» INFORMATION

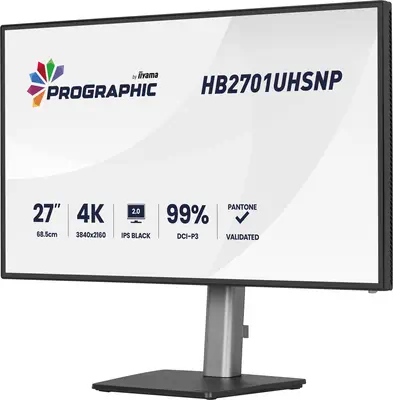 PROGRAPHIC HB2701UHSNP-B1 - iiyama - Ecran Ordinateur - visuel 4
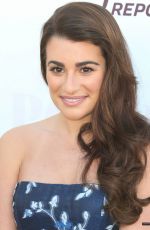 LEA MICHELE at 2014 Women in Entertainment Breakfast in Los Angeles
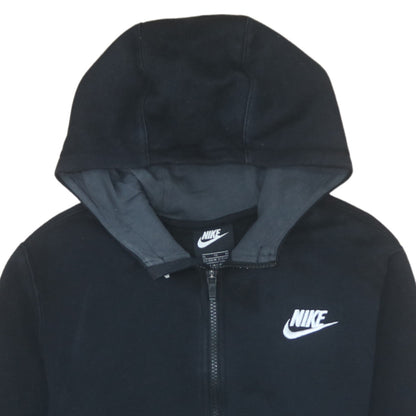 Boys UK Size XL Nike Black Full Zip Hoodie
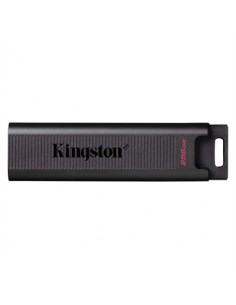 Datatraveler max unidad flash usb 256 gb usb tipo c 3.2 gen 2 (3.1 gen 2) negro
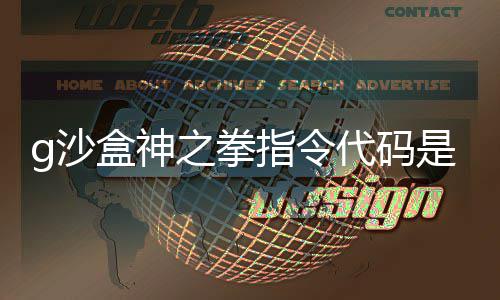 么 代码代码之拳指令之拳指令盒神盒神分享g沙是什g沙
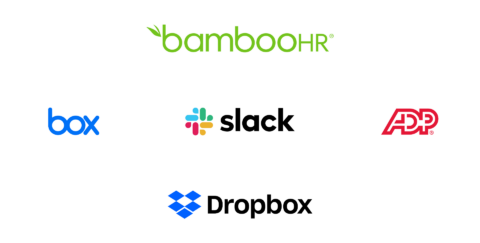 Bamboo, box, slack, ADP and dropbox connect with CloudM Automate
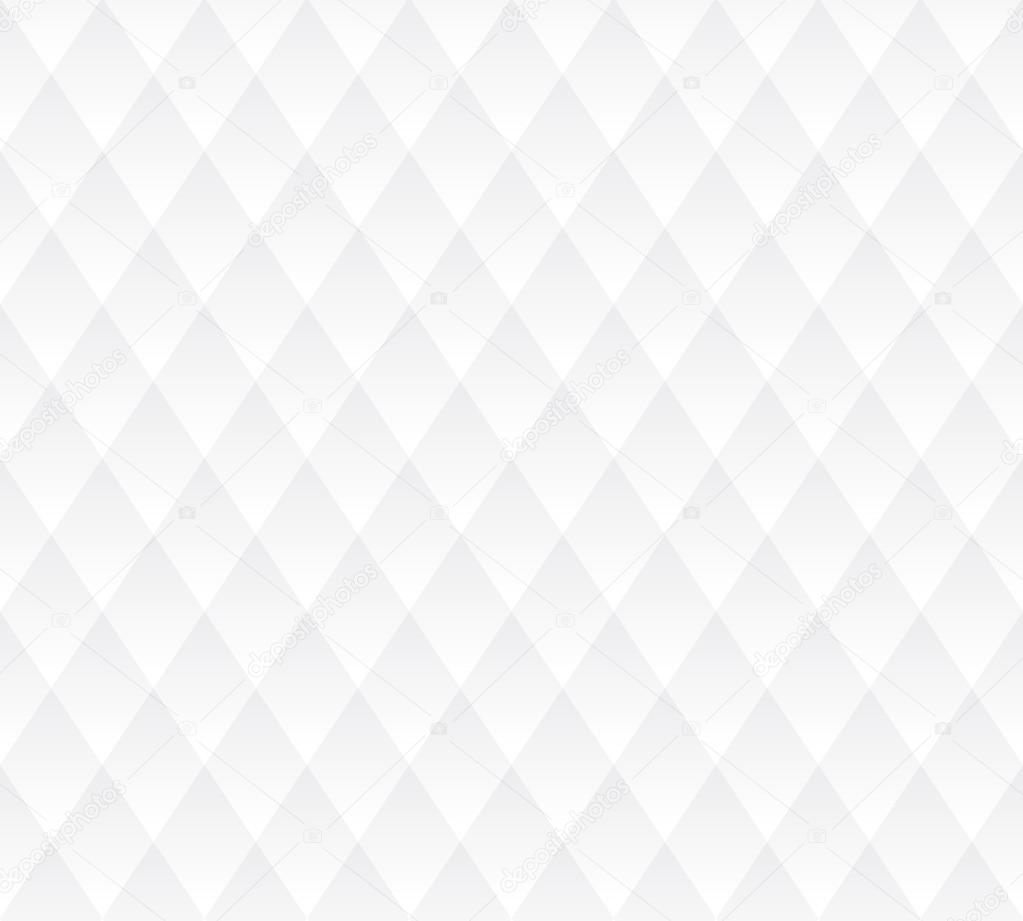 Vector seamless background, white geometric texture.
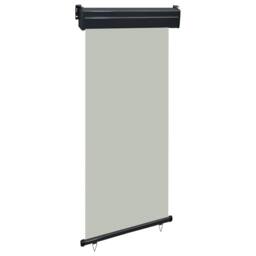 Berkfield Home Balcony Side Awning 105x250 cm Grey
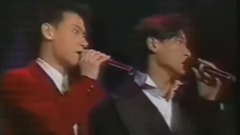 刘德华,张学友,黎明,郭富城 - 张学友获奖 四大天王同唱《朋友》(中文字幕)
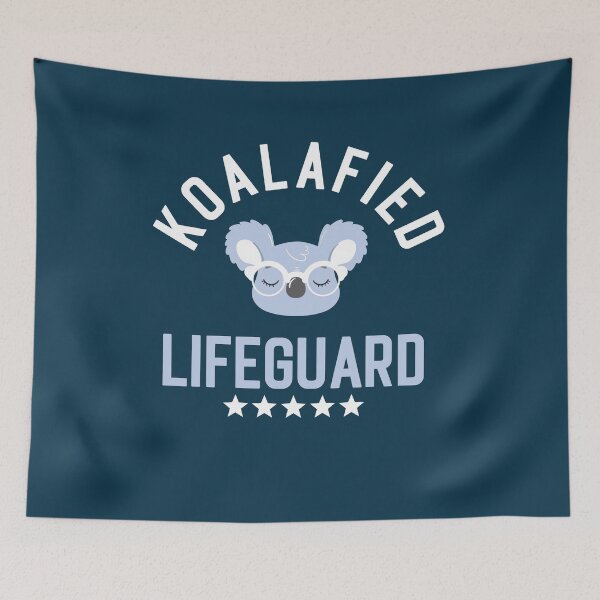 Item preview, Koalafied Lifeguard - Funny Gift Idea for Lifeguards designed and sold by betternotes.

» PROBLEM TO SOLVE
Print every record above exactly, with no pictures.

» EXERCISE ANSWER
 PROGRAPHIC HB2701UHSNP-B1 - iiyama - Ecran Ordinateur - visuel 4
 LEA MICHELE at 2014 Women in Entertainment Breakfast in Los Angeles
 Boys UK Size XL Nike Black Full Zip Hoodie
 Datatraveler max unidad flash usb 256 gb usb tipo c 3.2 gen 2 (3.1 gen 2) negro
 么 代码代码之拳指令之拳指令盒神盒神分享g沙是什g沙
 Bamboo, box, slack, ADP and dropbox connect with CloudM Automate
 Vector seamless background, white geometric texture.
 Berkfield Home Balcony Side Awning 105x250 cm Grey
 刘德华,张学友,黎明,郭富城 - 张学友获奖 四大天王同唱《朋友》(中文字幕)
 Item preview, Koalafied Lifeguard - Funny Gift Idea for Lifeguards designed and sold by betternotes.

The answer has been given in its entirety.